Task objective »
In the copy, leave out the pictures and repeat all records exactly.
•••••
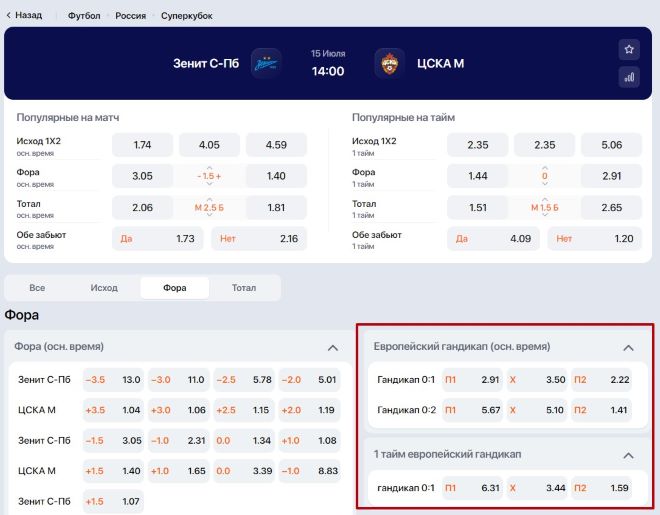 Европейский показатель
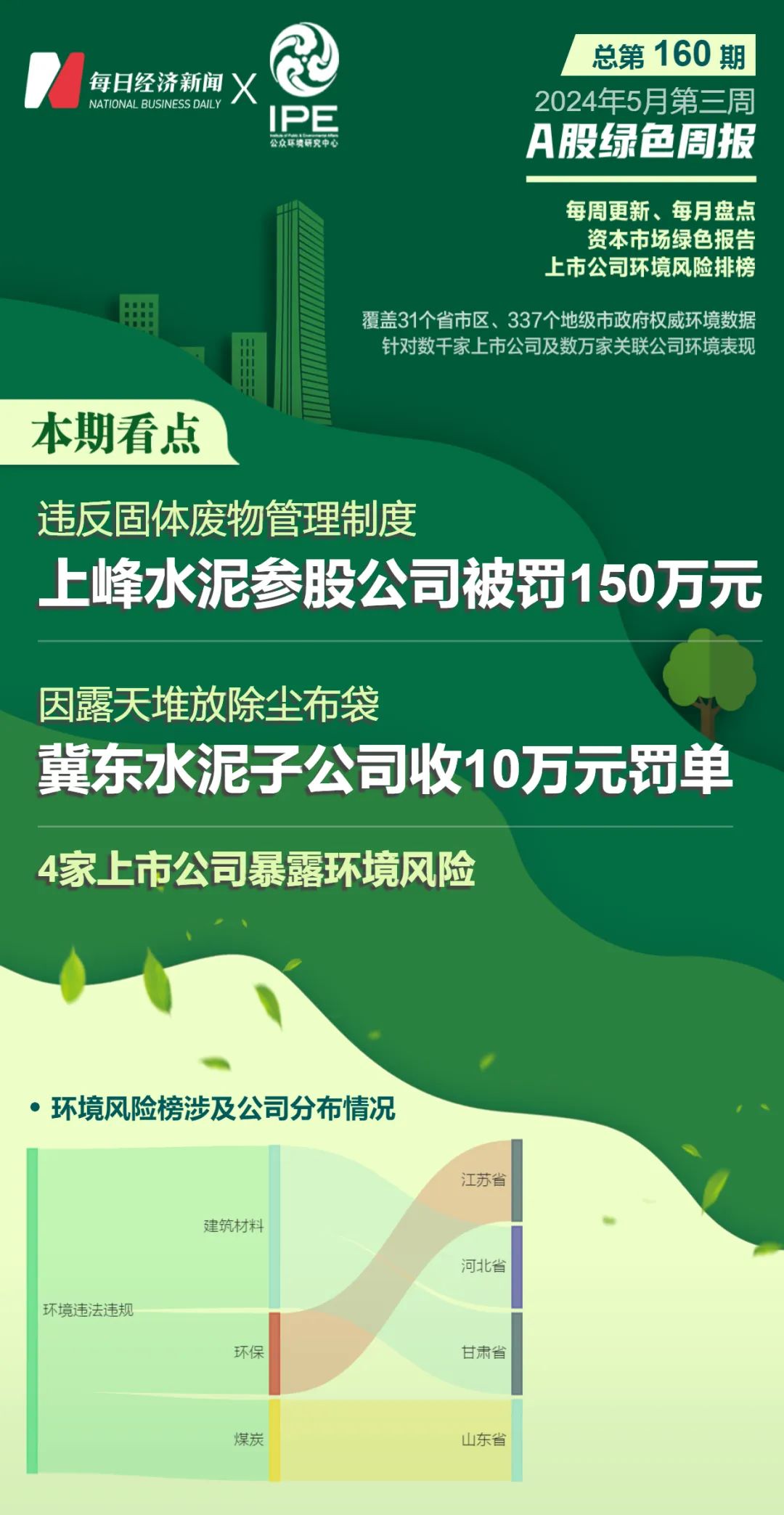   A股绿色周报｜4家上市公司暴露环境风险 宁夏一环保科技公司被罚150万元 | 每经网
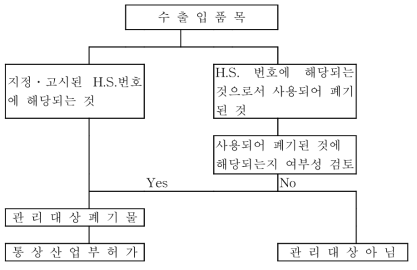 관리대상폐기물의 판별절차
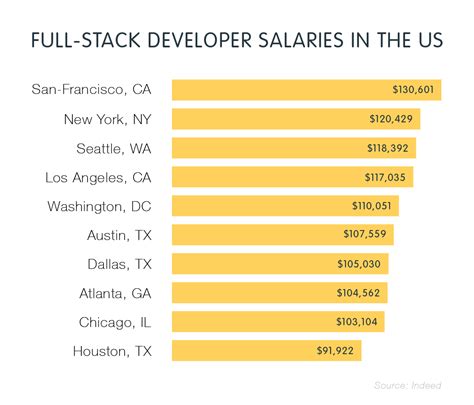 Full-Stack Developer Average Salary に対する画像結果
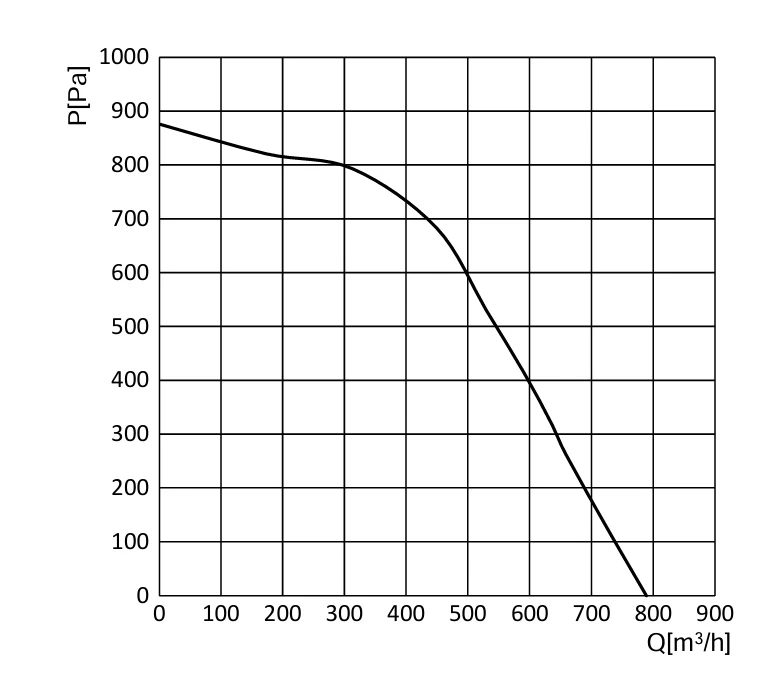 SL-F160B-EC-07 air performance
•••••
Answer area »
 Европейский показатель
   A股绿色周报｜4家上市公司暴露环境风险 宁夏一环保科技公司被罚150万元 | 每经网
 관리대상폐기물의 판별절차
 Full-Stack Developer Average Salary に対する画像結果
 SL-F160B-EC-07 air performance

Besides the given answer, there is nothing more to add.